▽
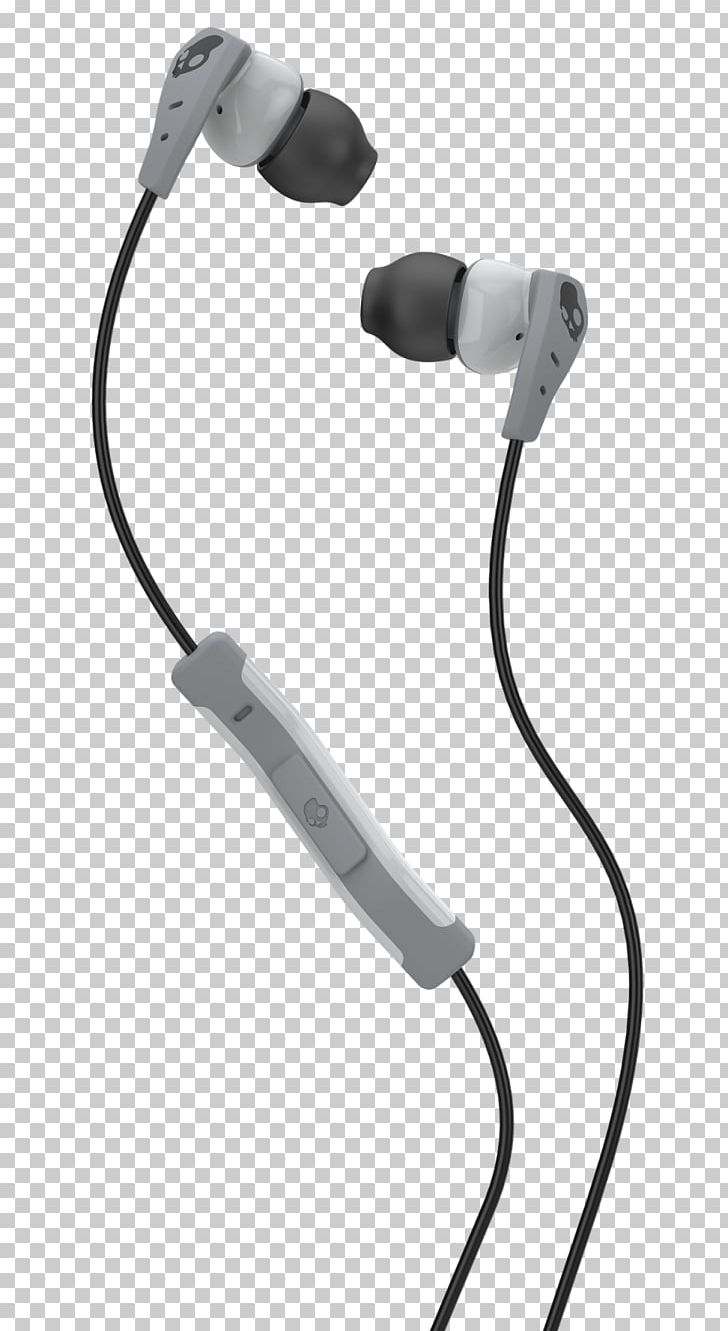 Skullcandy Method Sport Microphone SKULLCANDY Headphone Method Wireless In-Ear Mic Mint/Black Headphones PNG, Clipart,  Free PNG Download
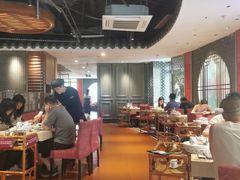 -点都德(长泰广场店)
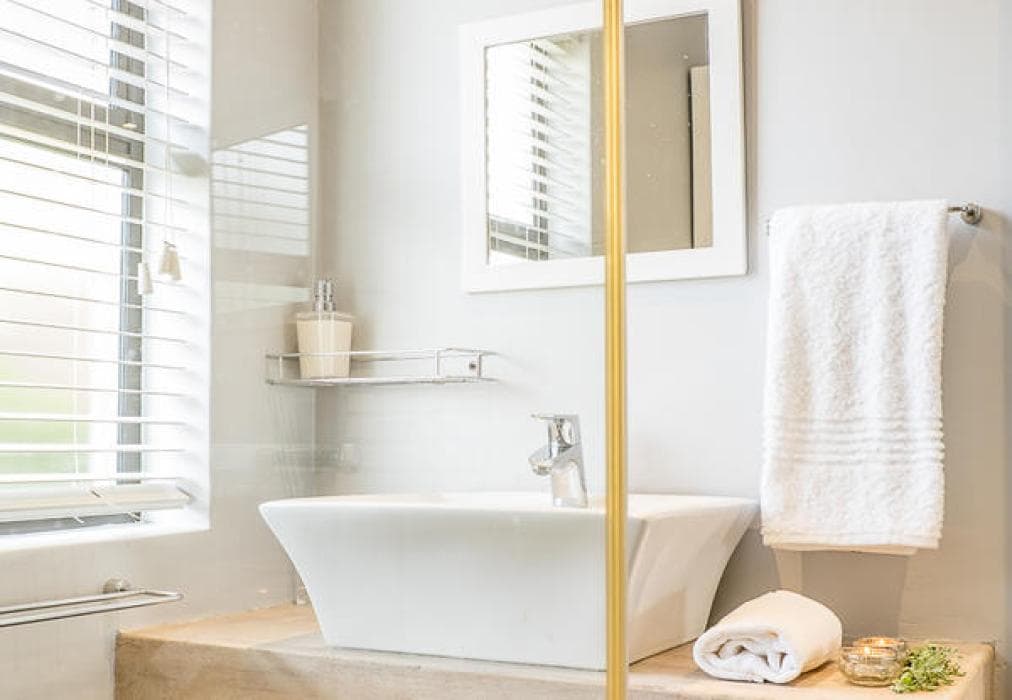 7 Shores  Shelley Point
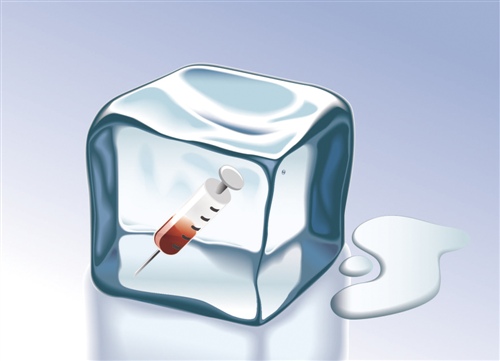 A片女女女女女女BBBB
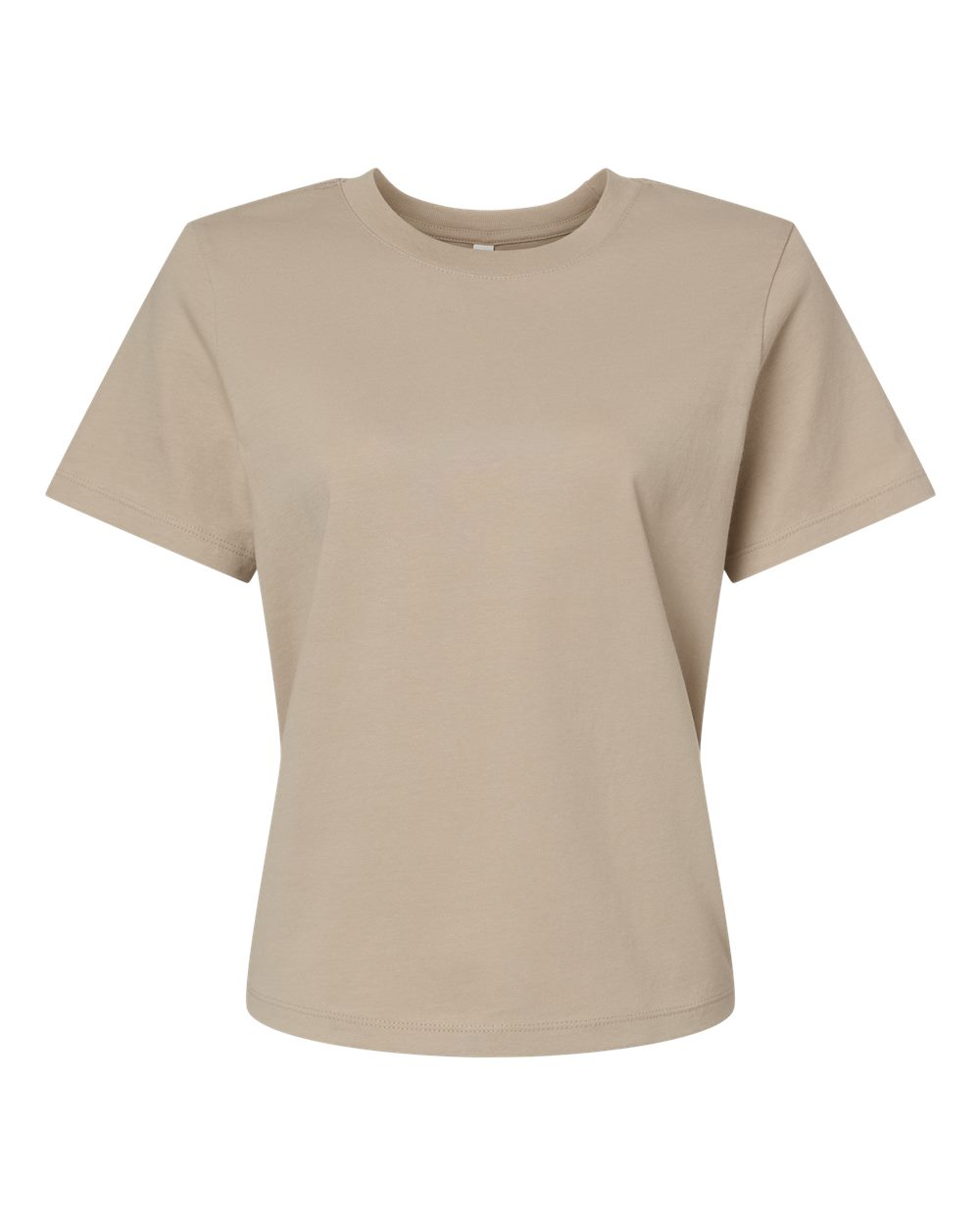 Bella + Canvas 6110J1 Tan
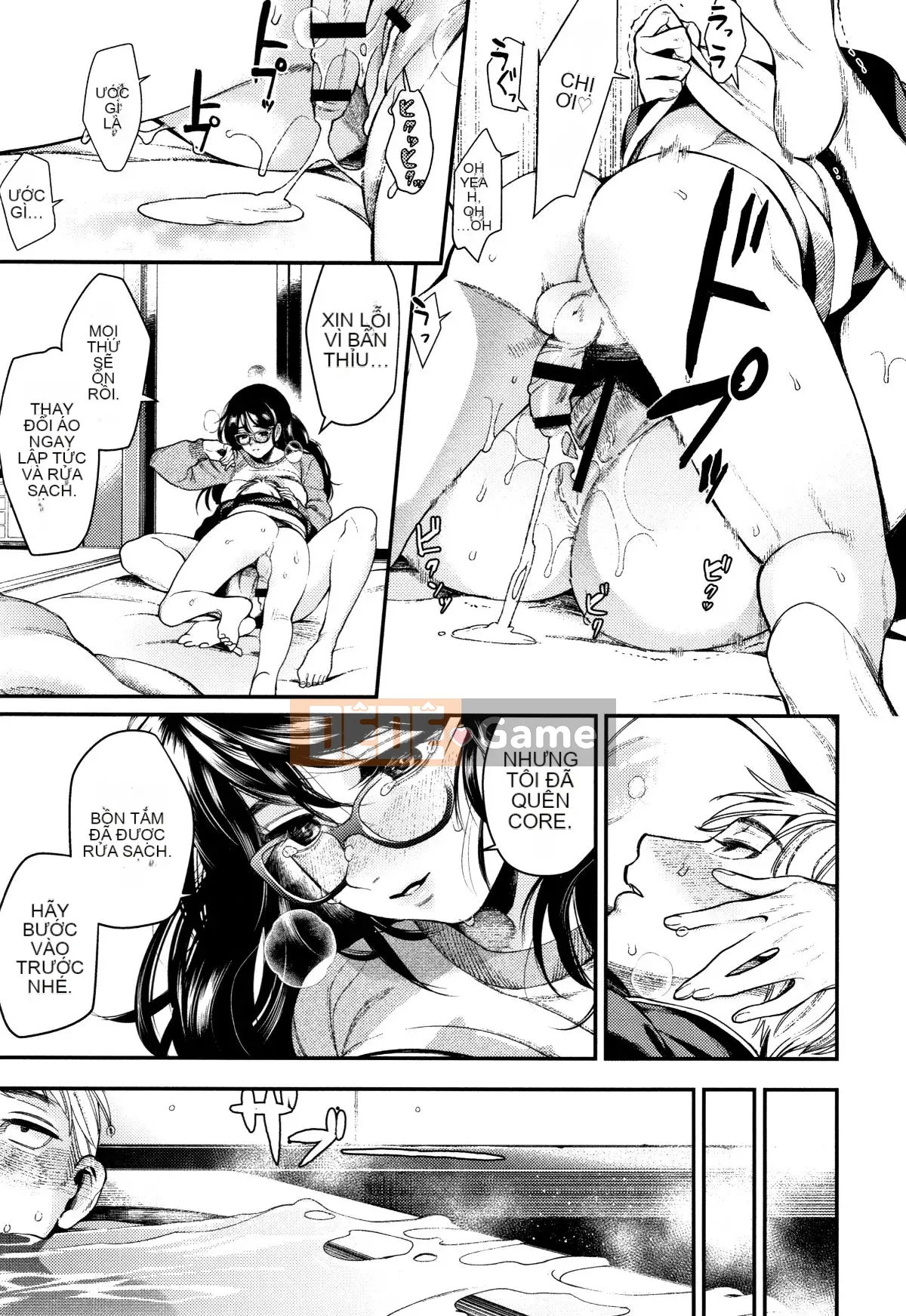 [Ushino đóng hộp] Irohanihoheto + sách 8P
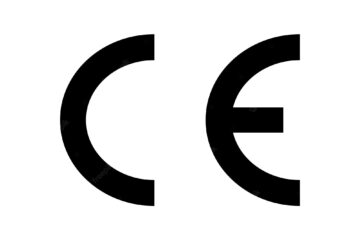 ce-european-conformity-marking-packaging-symbol-vector_522680-486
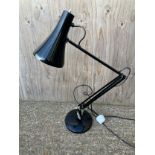 Anglepoise Lamp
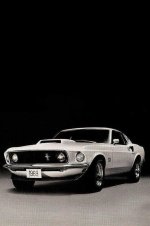 7557D9DC-1245-4A94-BA89-020174395879.jpeg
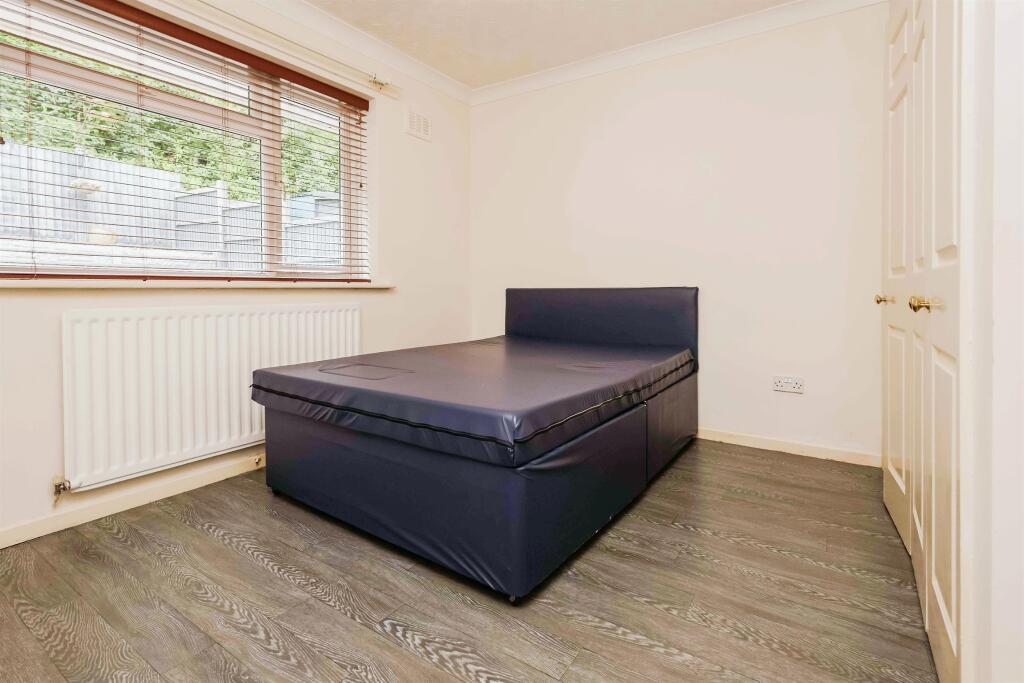 Additional image 8 of Apperley Way, Halesowen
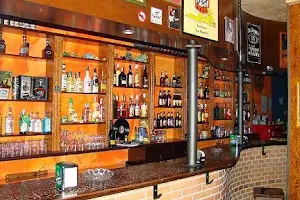 Pub La Charca del Rana image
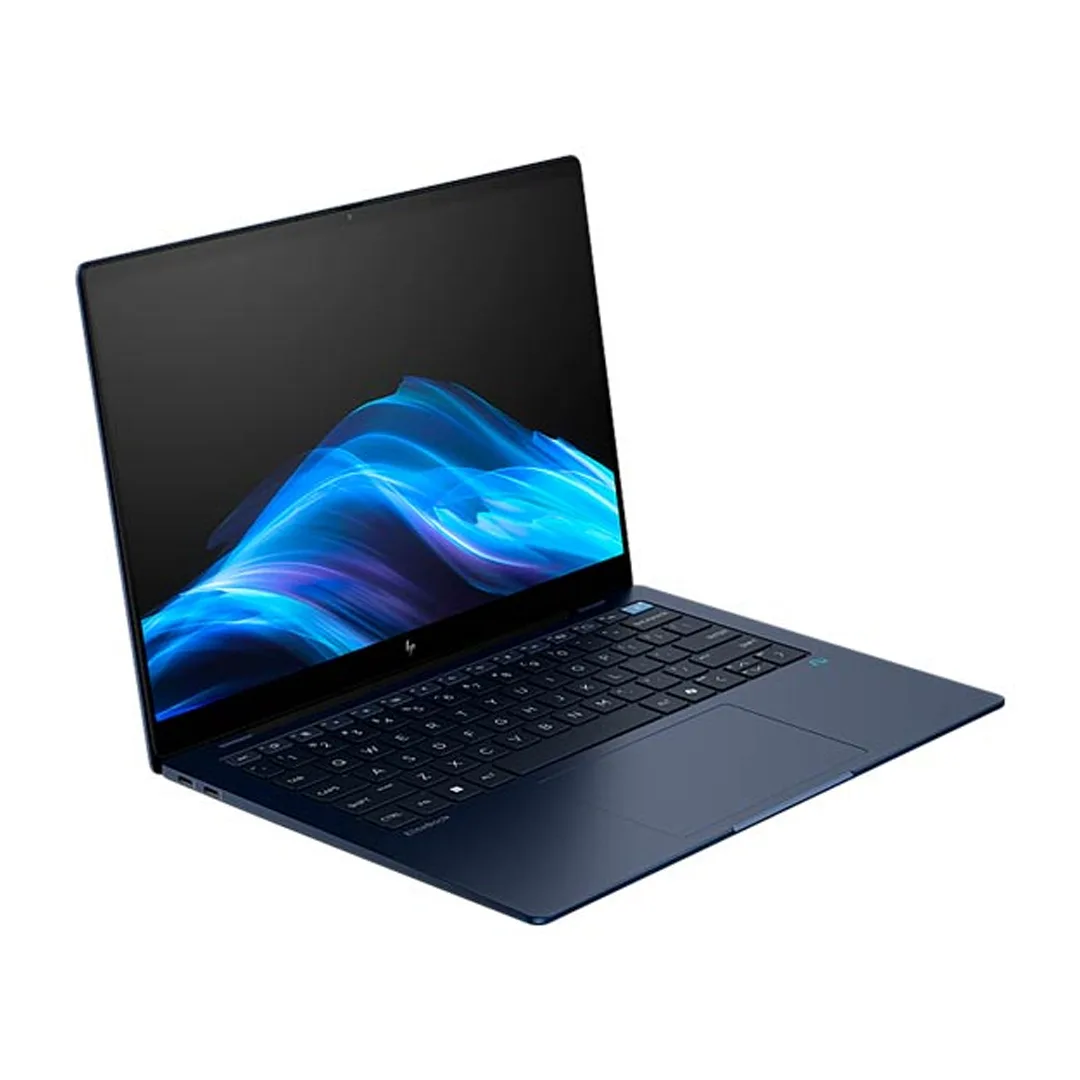 Ноутбук HP EliteBook Ultra 14 (A26TLEA)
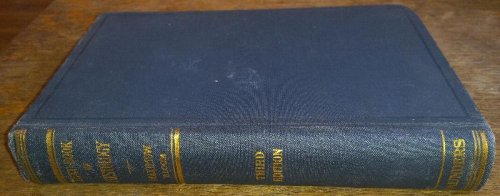 A Textbook of Histology (Third Edition)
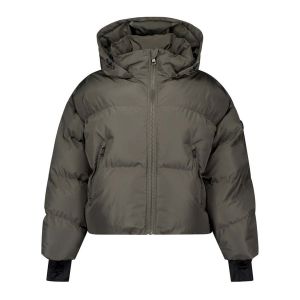 Airforce Sun Peaks Jacket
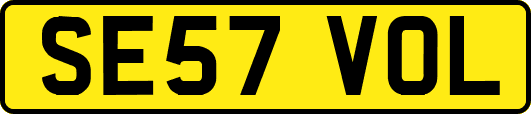 SE57VOL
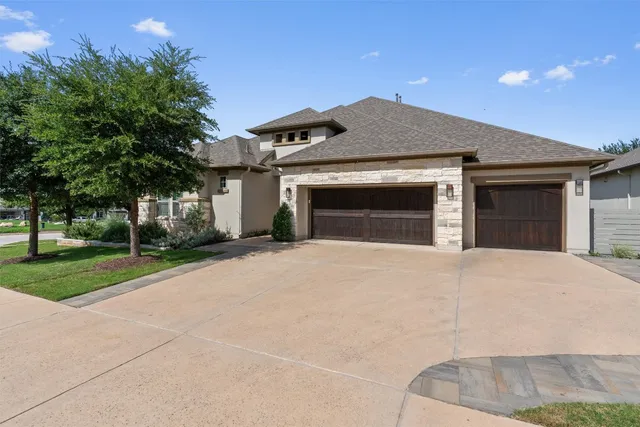 $3,600 | 201 Barefoot Park Lane, Georgetown, TX 78628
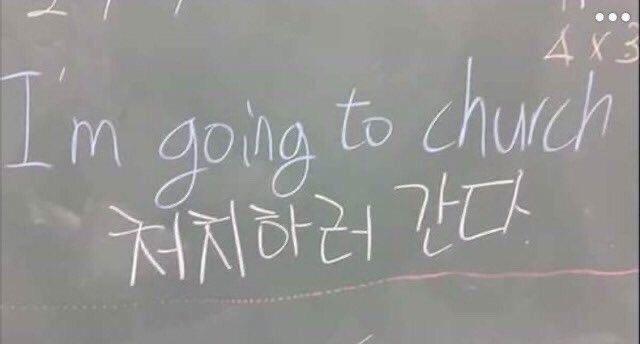 공포의 학회 처치하러 간다 갑자기 가면라이더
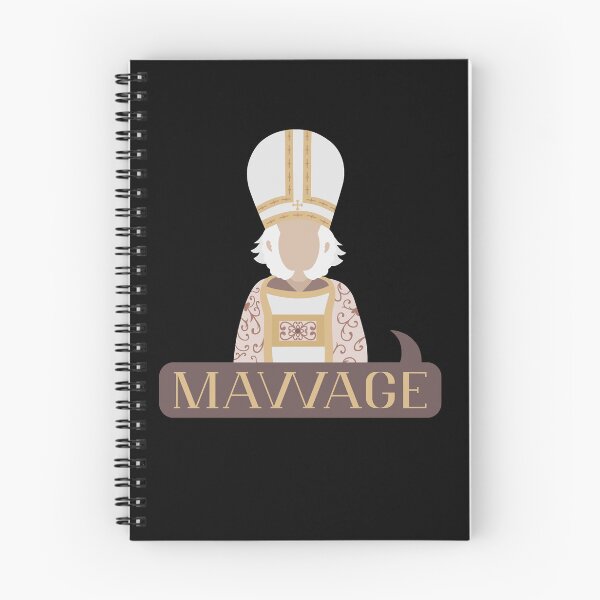 Item preview, Princesa prometida Mawage Tri-blend designed and sold by RobertEJohnson9.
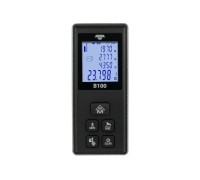 Лазерный дальномер AMO B100 779975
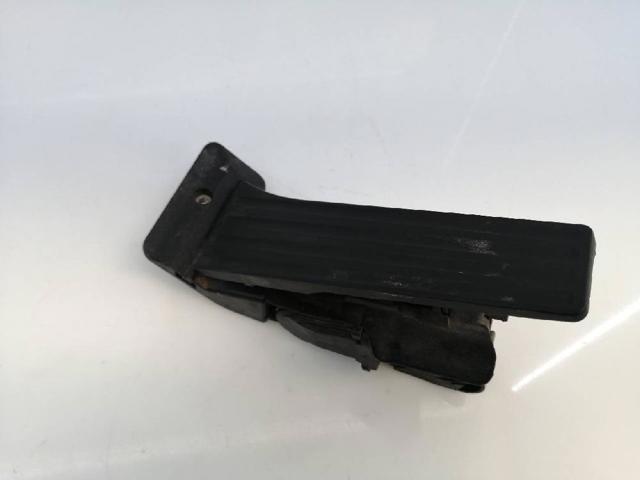 35426853175 BMW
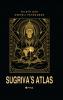 Sugrivas Atlas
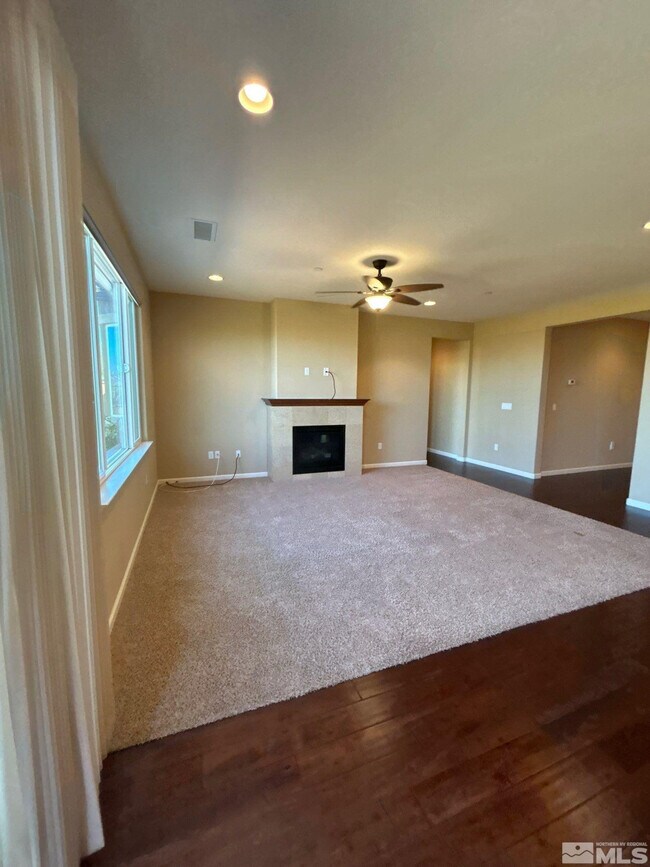 Building Photo - 5421 Energystone Dr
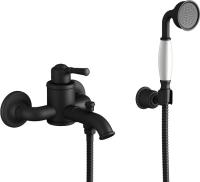 Основная93d9fd66-a826-11eb-91b9-0cc47ae7d2a2000802145_original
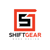 ShiftGear Work Design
△
**The task**
Every line from the one that holds "Sugrivas Atlas" to the end of the listing should be output exactly, with pictures left out, please.

**Result of the task**
 Sugrivas Atlas
 Building Photo - 5421 Energystone Dr
 Основная93d9fd66-a826-11eb-91b9-0cc47ae7d2a2000802145_original
 ShiftGear Work Design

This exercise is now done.